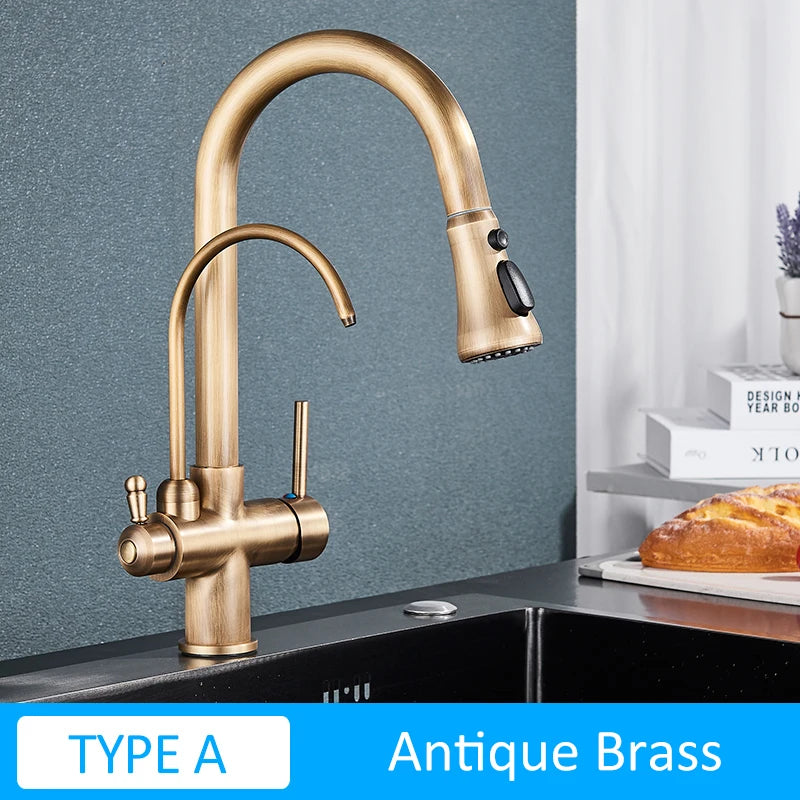 360 Rotation Pull Out Tap Kitchen Faucet With 3 Mode Water Pressure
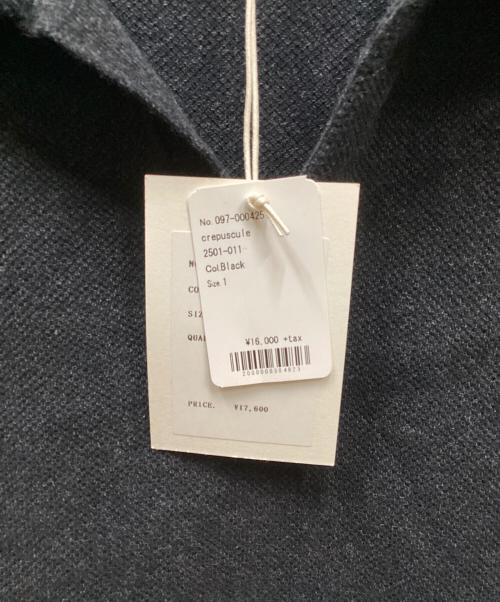 crepuscule（クレプスキュール）crepuscule (クレプスキュール) Moss Stitch Polo/モスステッチポロシャツ ブラック サイズ:1の古着・服飾アイテム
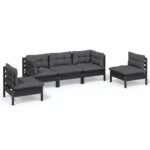 5-Piece Garden Lounge Set with Cushions Pine Wood Outdoor Patio Furniture
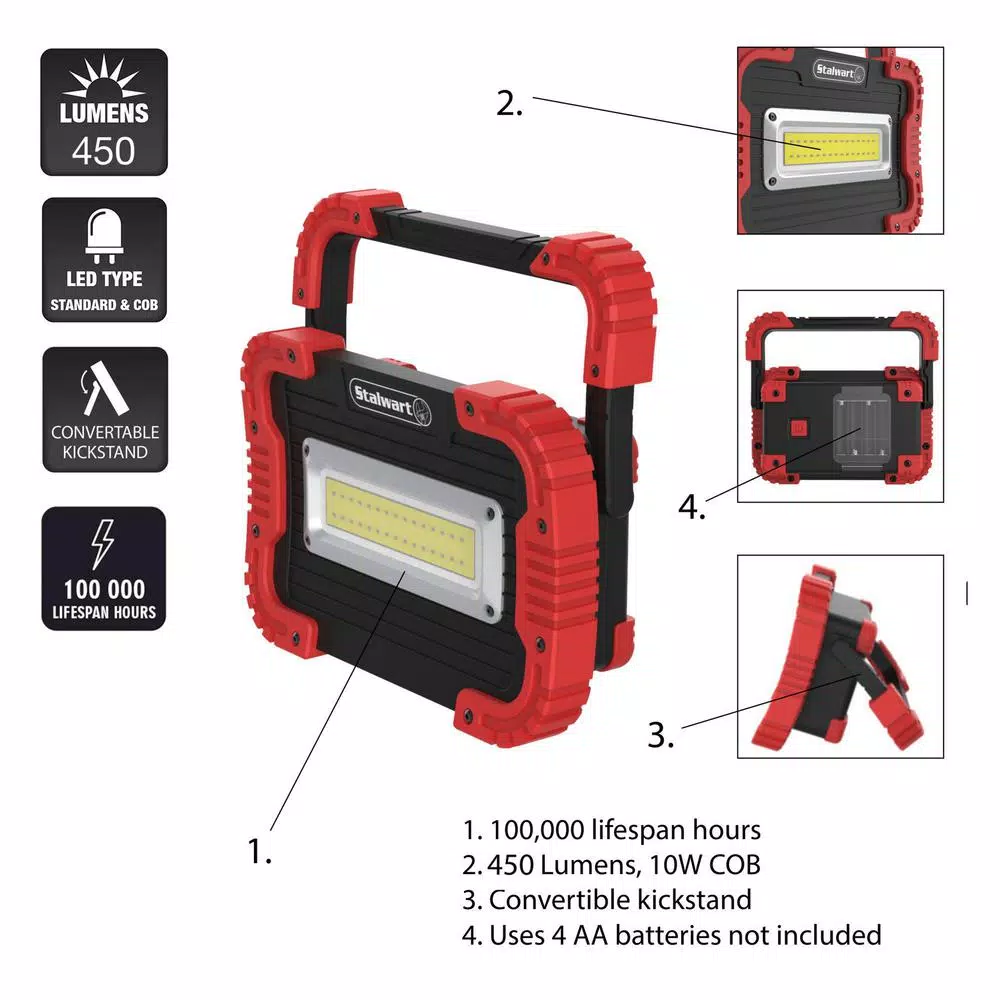 Stalwart 450 Lumens LED Work Light with Rotating Handle and#8211; XDC Depot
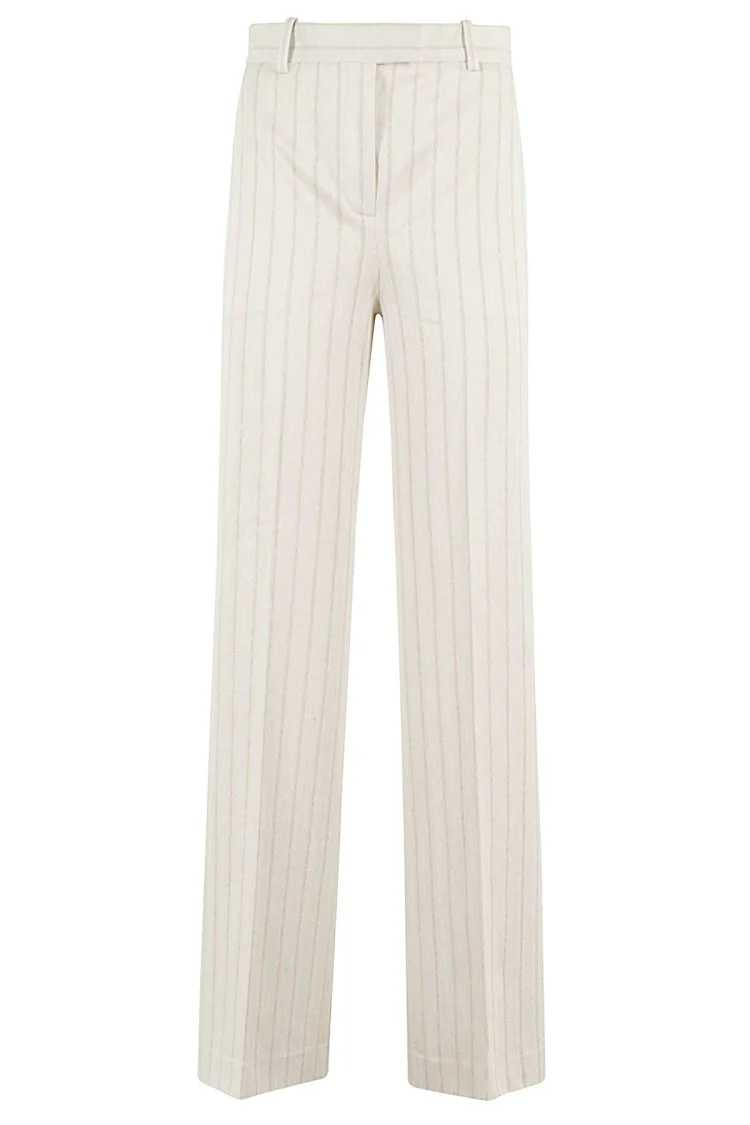 Wide-Leg Pants With Natural Striped Design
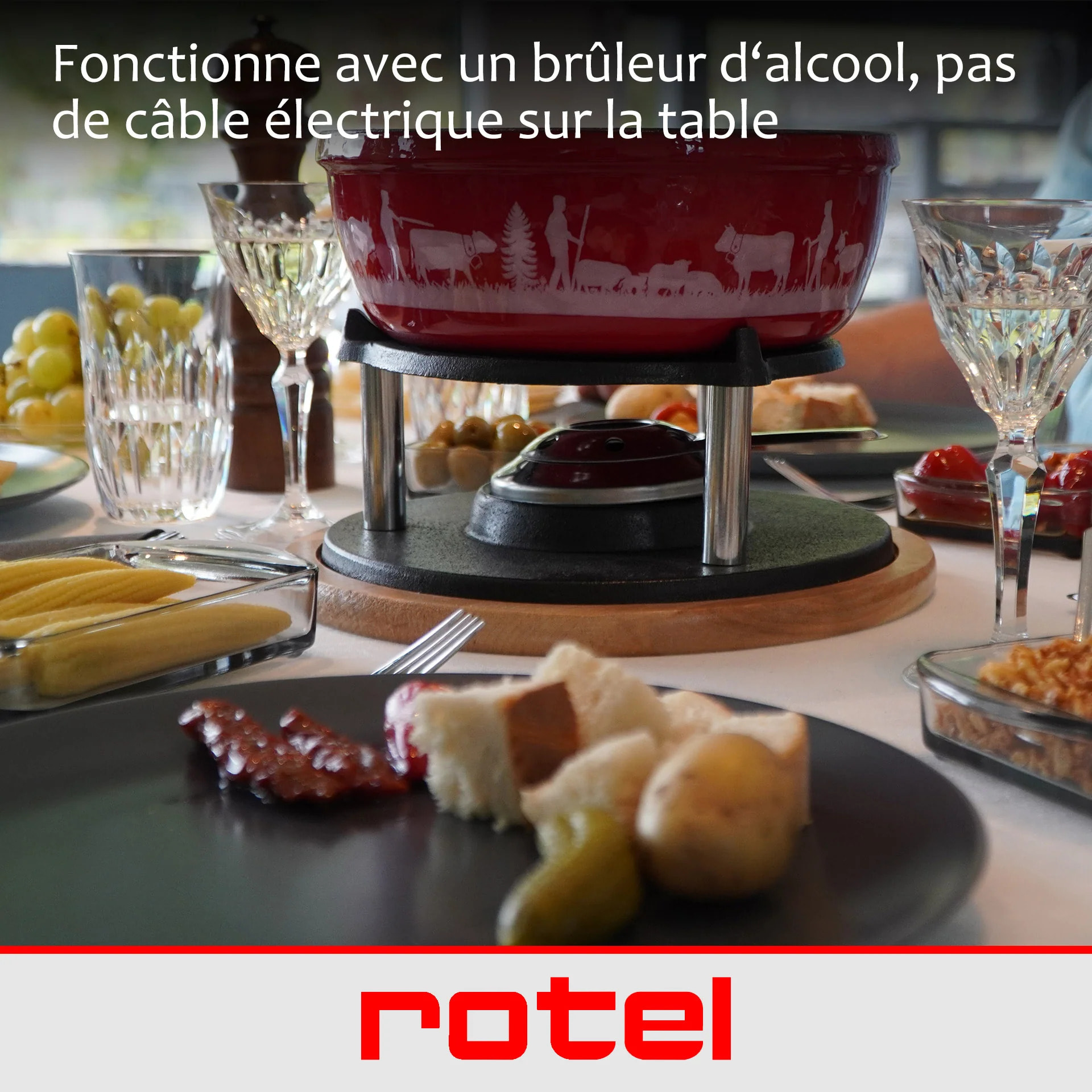 Service à fondue au fromage pour 6 personnes Rotel Swiss Tradition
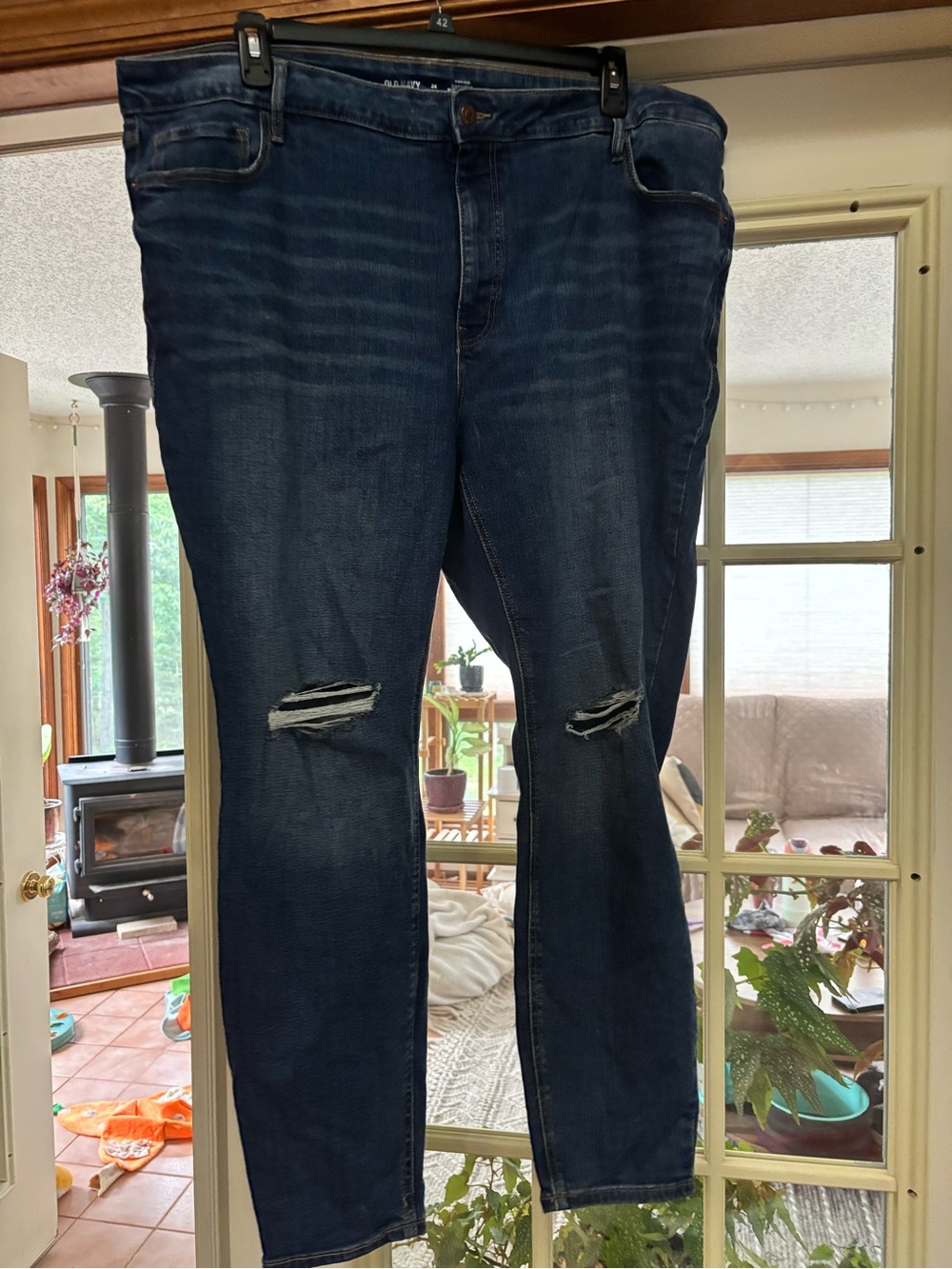 Dark Blue Distressed Women’s Jeans
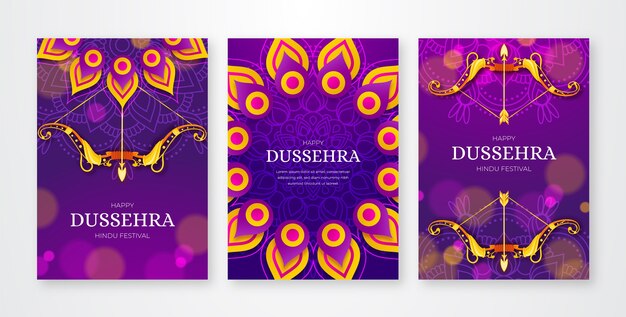 Colección de tarjetas dussehra degradado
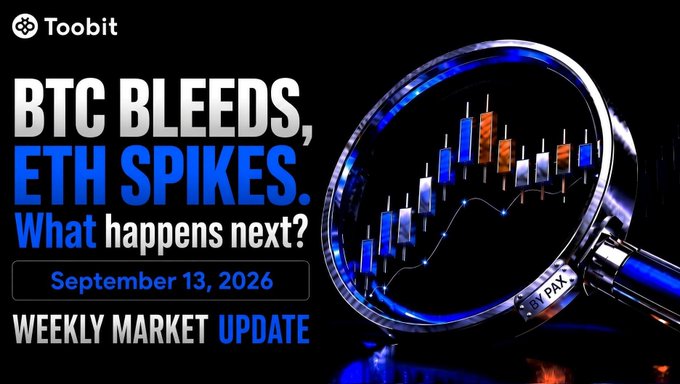 A promotional graphic for Toobit's weekly crypto market update dated September 13, 2026, featuring the headline "BTC BLEEDS, ETH SPIKES. What happens next?" alongside a magnifying glass over a candlestick chart.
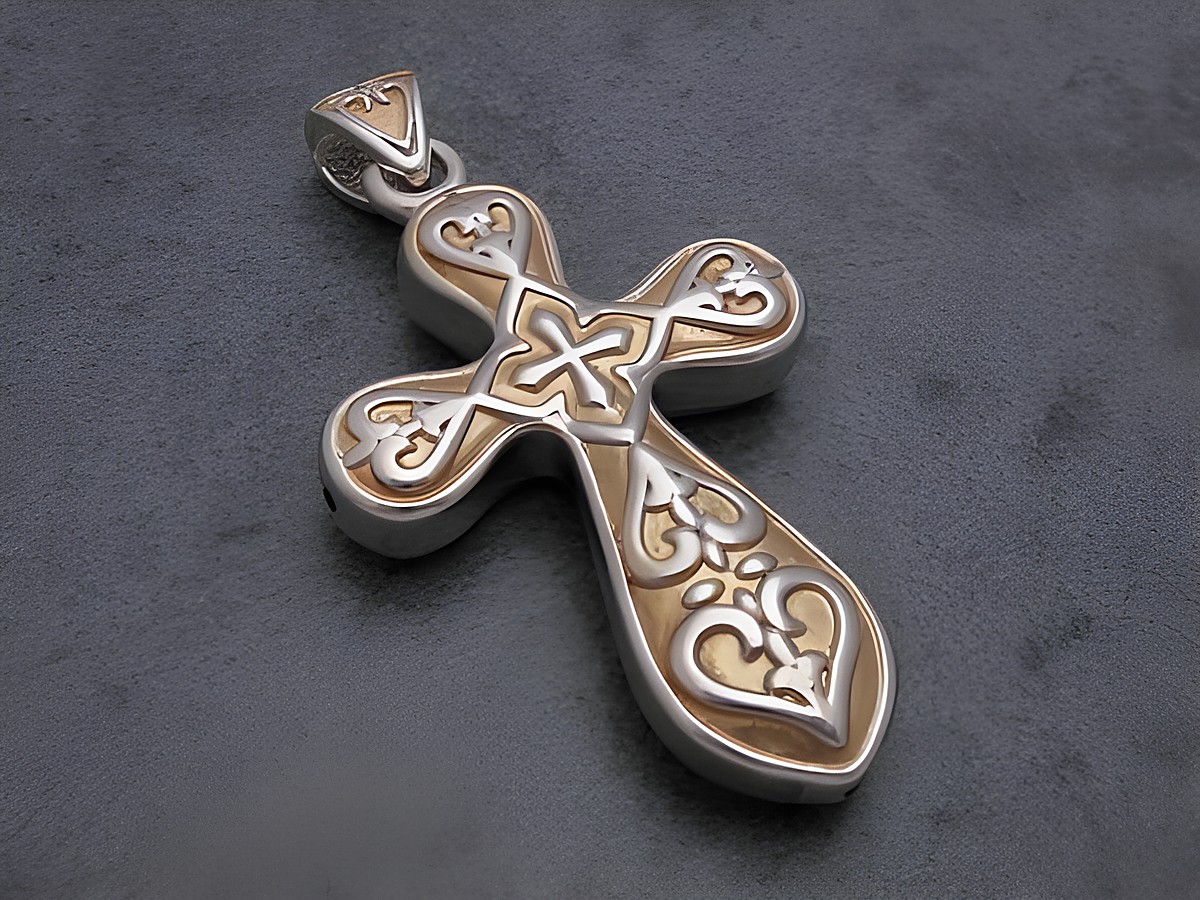 Kreuz Anhänger aus rhodiniertem Sterling Silber mit goldfarbigem Lack und filigranem Muster, Hersteller Juwelier Harnisch, elegantes Designerstück.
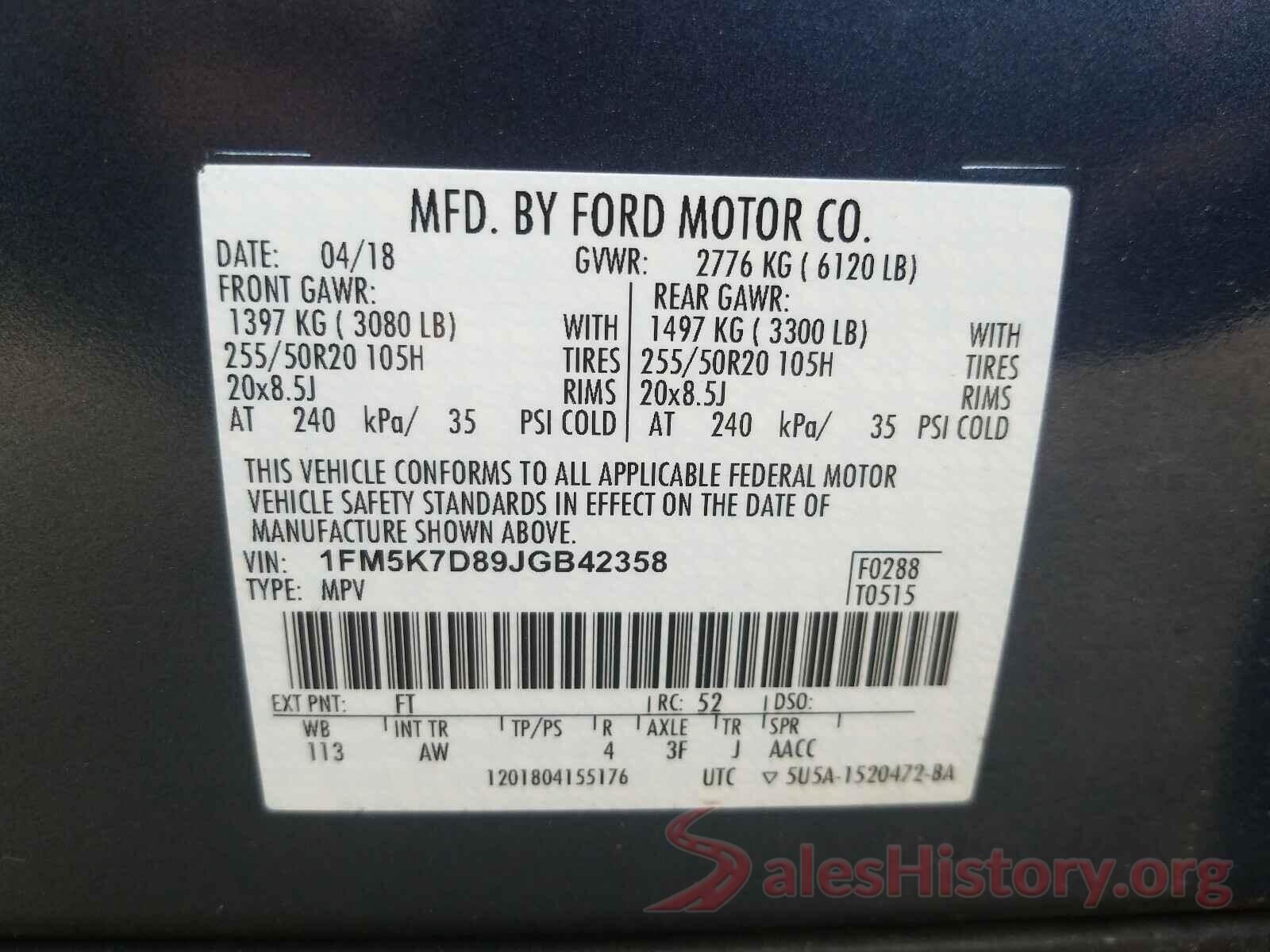 1FM5K7D89JGB42358 2018 FORD EXPLORER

— Assigned task —
Reproduce the records word for word, please, from their first line up to and including the line that contains "Wide-Leg Pants With Natural Striped Design", but no pictures.

— Result of the exercise —
 360 Rotation Pull Out Tap Kitchen Faucet With 3 Mode Water Pressure
 crepuscule（クレプスキュール）crepuscule (クレプスキュール) Moss Stitch Polo/モスステッチポロシャツ ブラック サイズ:1の古着・服飾アイテム
 5-Piece Garden Lounge Set with Cushions Pine Wood Outdoor Patio Furniture
 Stalwart 450 Lumens LED Work Light with Rotating Handle and#8211; XDC Depot
 Wide-Leg Pants With Natural Striped Design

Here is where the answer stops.